Assignment ::
In the copy, every record below must appear exactly as given, and no picture may appear.

Input records ::
----
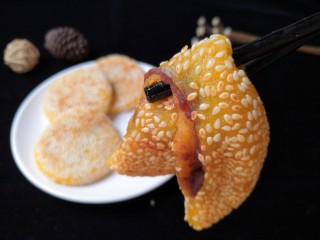 18、南瓜饼,超级的软糯。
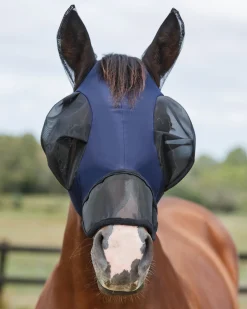 WEATHERBEETA Fly Control|Fly Boots|® ComFiTec™ Luxe Bug Eye Saver with Ears & Nose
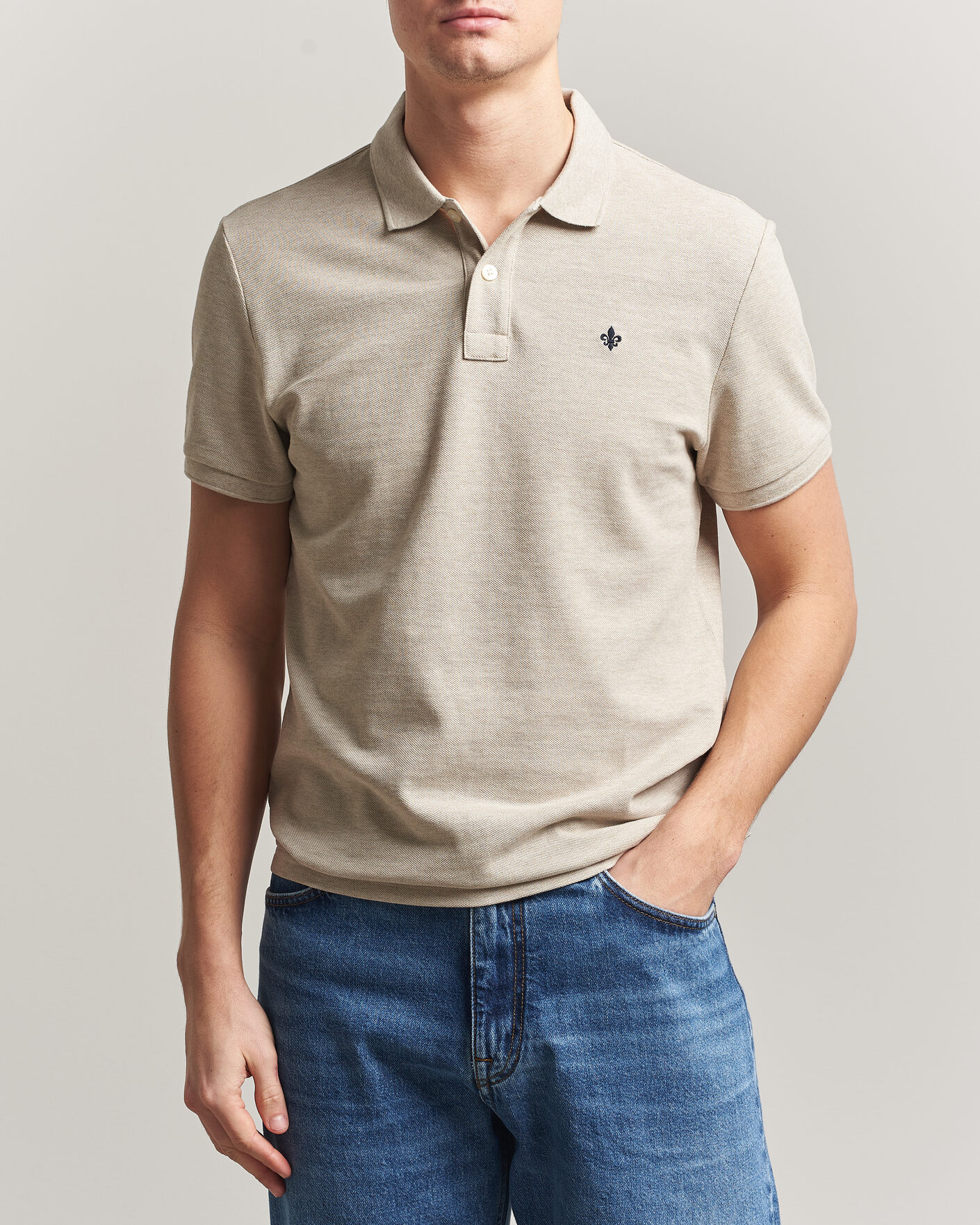 Herre | Polotrøjer | Morris | New Pique Khaki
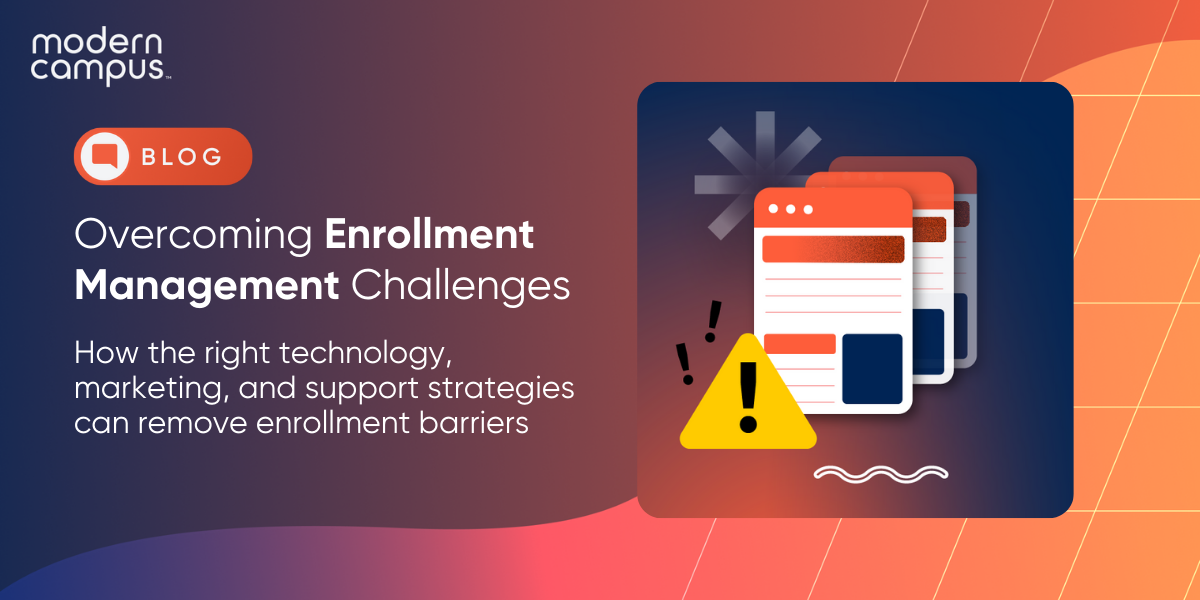 Navigating Enrollment Challenges in Higher Education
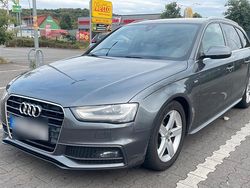 Grau Gebraucht 2015 Audi A4 S-line plus Kombi | 9.200 € (Fairer Preis)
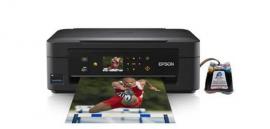 МФУ Epson Expression Home XP-403 с СНПЧ и чернилами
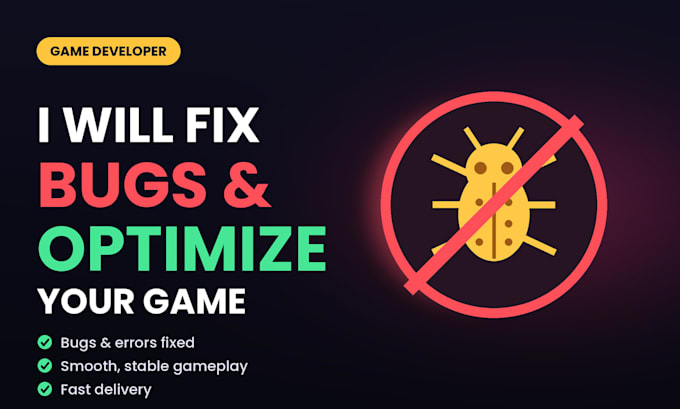 fix bugs, errors, and optimize your roblox game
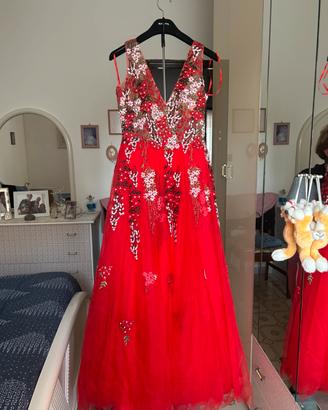Vestito da cerimonia Rossella Couture Milano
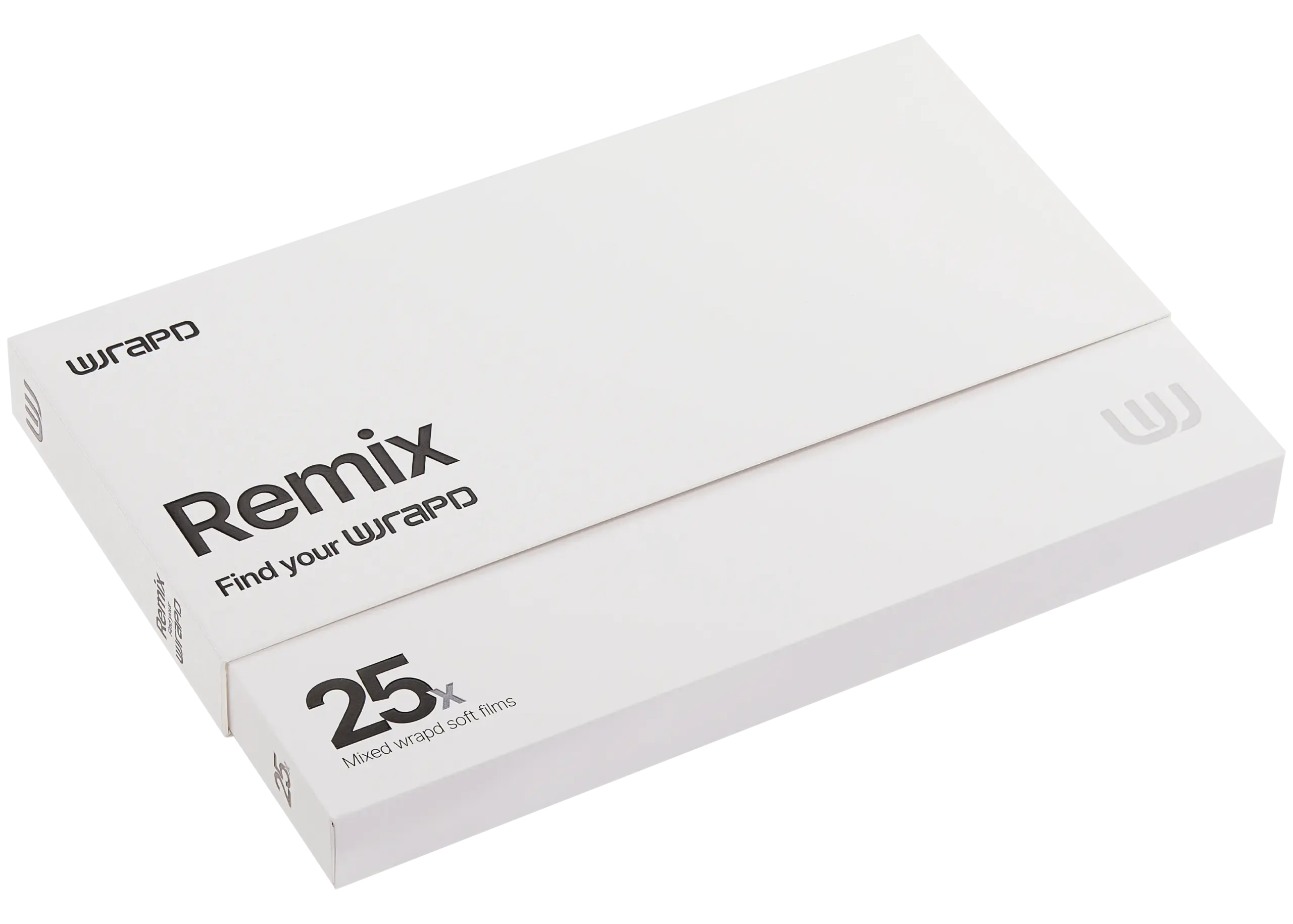 Wrapd Remix - Assorted Display Protector Film (FlexShield + HardSkin + HyperFilm + HyperShield) (25er-Pack) – Bild 2
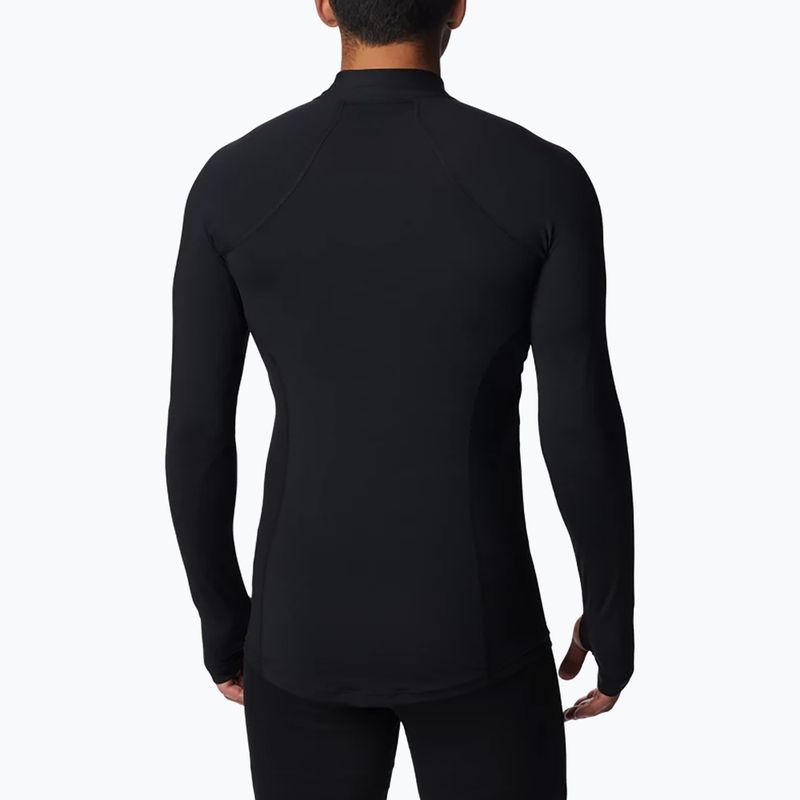 Longsleeve termoactiv pentru bărbați Columbia Midweight Stretch black 2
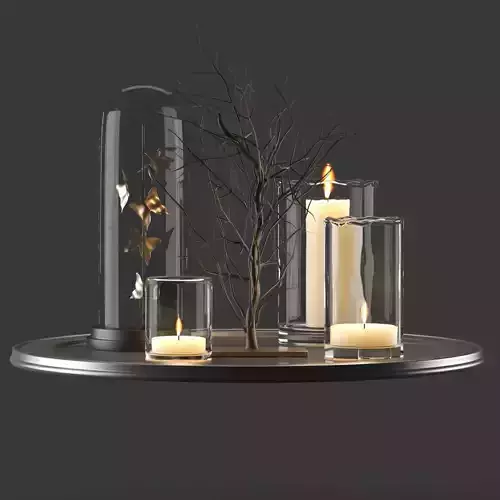 candle decorative 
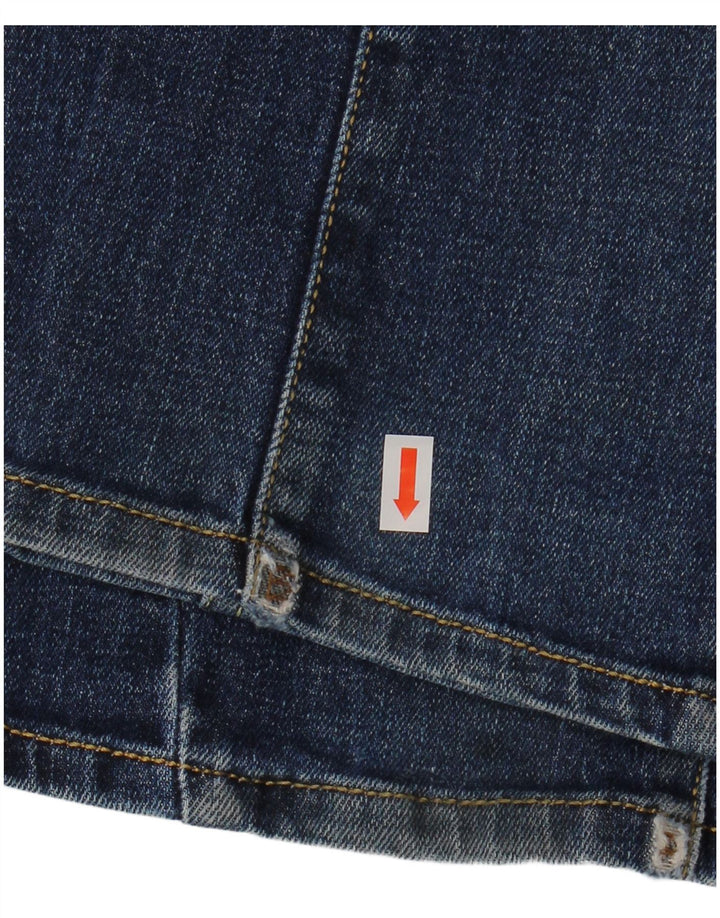 Jeans dritti da uomo DIESEL W32 L33 in cotone blu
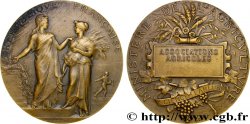 TERZA REPUBBLICA FRANCESE Médaille de récompense, Associations agricoles
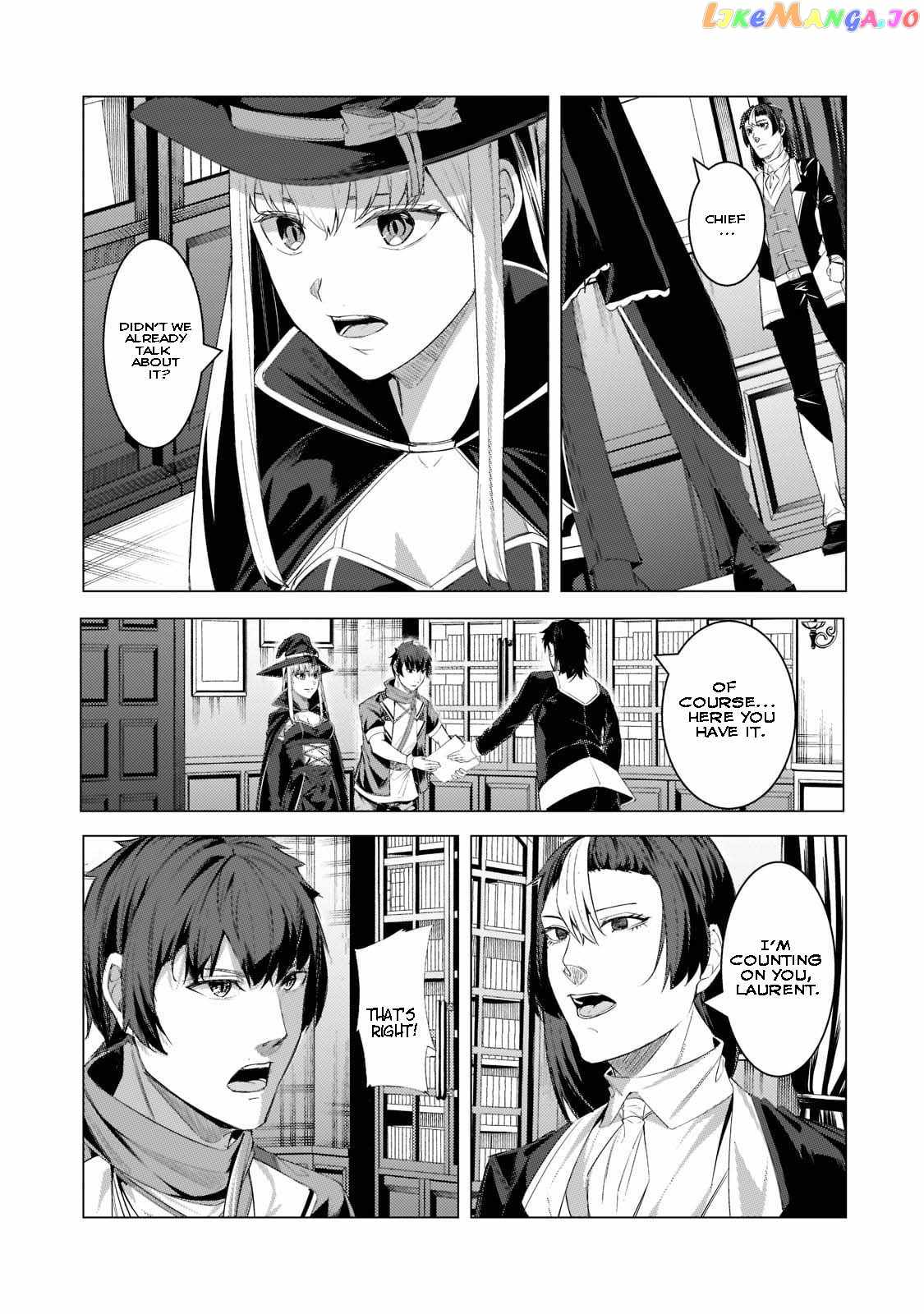 The Kicked Out S-Rank Appraiser Creates the Strongest Guild Ch.16 p17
----
Task output ::
 18、南瓜饼,超级的软糯。
 WEATHERBEETA Fly Control|Fly Boots|® ComFiTec™ Luxe Bug Eye Saver with Ears & Nose
 Herre | Polotrøjer | Morris | New Pique Khaki
 Navigating Enrollment Challenges in Higher Education
 Grau Gebraucht 2015 Audi A4 S-line plus Kombi | 9.200 € (Fairer Preis)
 МФУ Epson Expression Home XP-403 с СНПЧ и чернилами
 fix bugs, errors, and optimize your roblox game
Vestito da cerimonia Rossella Couture Milano
 Wrapd Remix - Assorted Display Protector Film (FlexShield + HardSkin + HyperFilm + HyperShield) (25er-Pack) – Bild 2
 Longsleeve termoactiv pentru bărbați Columbia Midweight Stretch black 2
 candle decorative 
 Jeans dritti da uomo DIESEL W32 L33 in cotone blu
 TERZA REPUBBLICA FRANCESE Médaille de récompense, Associations agricoles
 The Kicked Out S-Rank Appraiser Creates the Strongest Guild Ch.16 p17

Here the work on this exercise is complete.